Como tratar, então, um professor universitário que vai bêbado para as aulas e está sempre a ser objecto de queixas pelos alunos? Ou um general que anda sempre aos tiros para o ar e de pistola na mão? A sala de aula num caso, o comando de um regimento de artilharia, no outro, não são os locais mais apropriados para colocar estes homens.
Num acto de defesa pessoal e da instituição, e de caridade corporativa para com estes extraviados, os colegas elegem-nos para funções administrativas ou burocráticas, onde os danos causados pela sua radical incompetência ou falta de idoneidade pessoal são minimizados. O universitário é eleito para presidente do gabinete que investiga a sonolência das cobras nas Ilhas Berlengas, e o general vai comandar a Divisão de Contabilidade e Administração do Quartel.
Num tribunal, a questão põe-se de modo semelhante. O que fazer a um juiz que é conhecido por condenar um inocente a vinte anos de prisão; dar pancada no irmão; ameaçar pessoas com armas de fogo; decidir processos a favor da sua própria mulher; perseguir uma subordinada com processos disciplinares em catadupa que envergonham a justiça portuguesa a nível internacional; um juiz que tem enriquecido à custa das suas funções judiciais; que já foi suspenso e depois despedido das funções de inspector judicial; que já foi condenado pelo CSM por violação dos deveres de reserva e de lealdade; que põe processos judiciais a quem lhe aparece pela frente; que influencia juízes sob a sua avaliação para decidirem a seu favor; um juiz que foi sócio de um traficante e de quem se diz proteger o tráfico de droga?
O que fazer?
Os juízes do Supremo, logo após a sua tomada de posse, enfiaram-no na Secção Social onde se julgam processos de lana caprina. Nomeá-lo para uma Secção Criminal ou para uma Secção Cível é que não. Havia o risco de ele mandar inocentes para a cadeia, no primeiro caso, ou decidir processos com indemnizações milionárias a seu próprio favor, no segundo.

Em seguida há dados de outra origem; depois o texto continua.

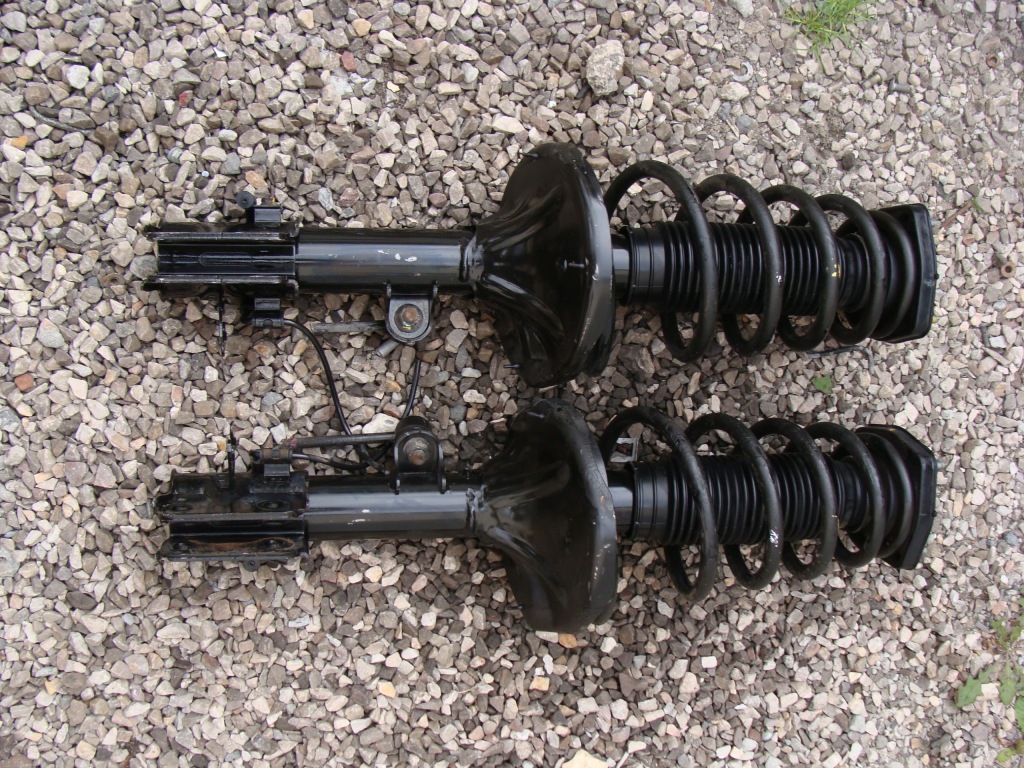 фото №1, Амортизаторы комплект задняя sportage ii tucson i 4wd 55361-2e501 55351-2e501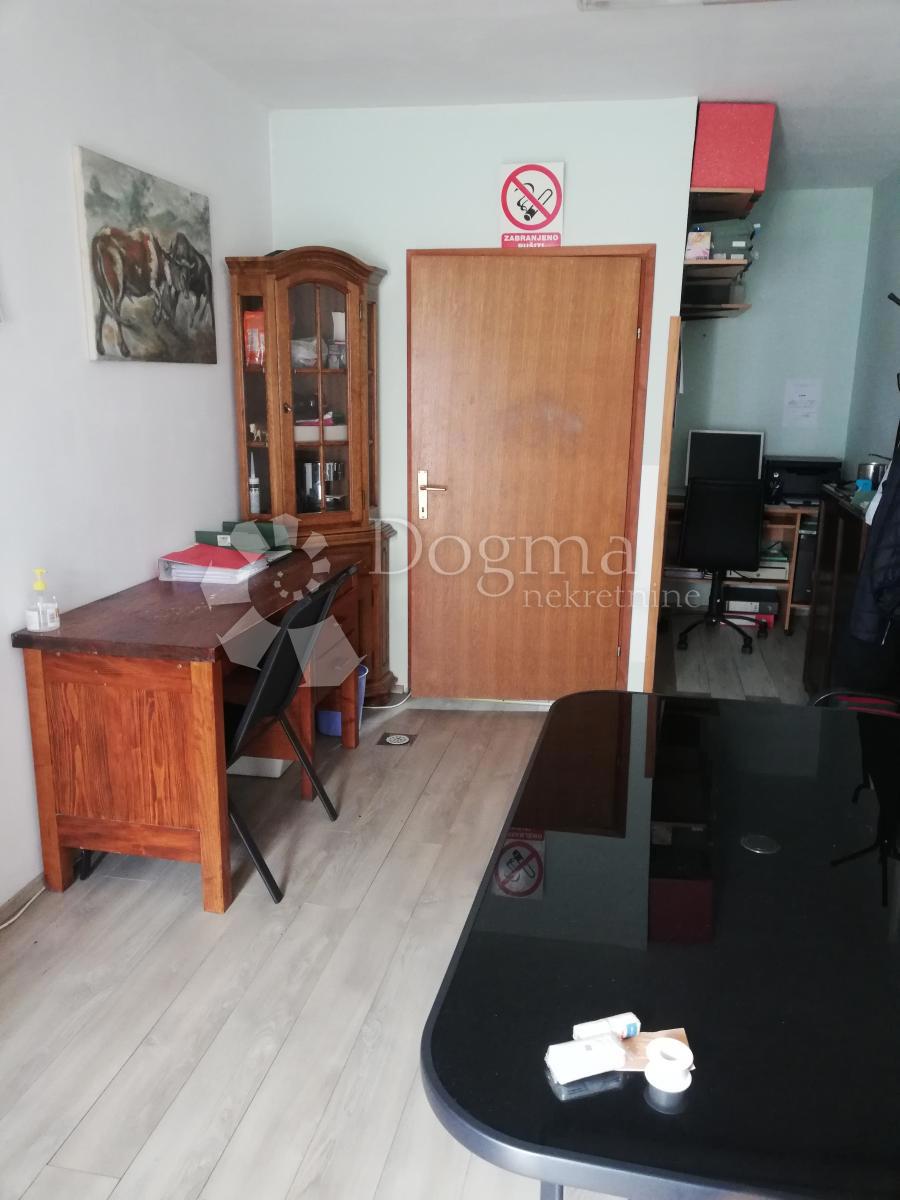 Locale commerciale Brinje, 300m2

No Tribunal da Relação do Porto já se tinha descoberto a solução desde há mais de cinco anos, onde por "unanimidade ou esmagadora maioria" os colegas elegiam o juiz Marcolino para presidente da 1ª Secção Criminal onde ele passava os dias ocupado com trabalho burocrático. Pô-lo a julgar é que não.
Por isso, os aplausos que se ouviram no final do discurso de tomada de posse do juiz Marcolino podem muito bem ter vindo dos seus colegas presentes - se alguns -, do Tribunal da Relação do Porto. Mas eram provavelmente aplausos de júbilo por, finalmente, se verem livres dele.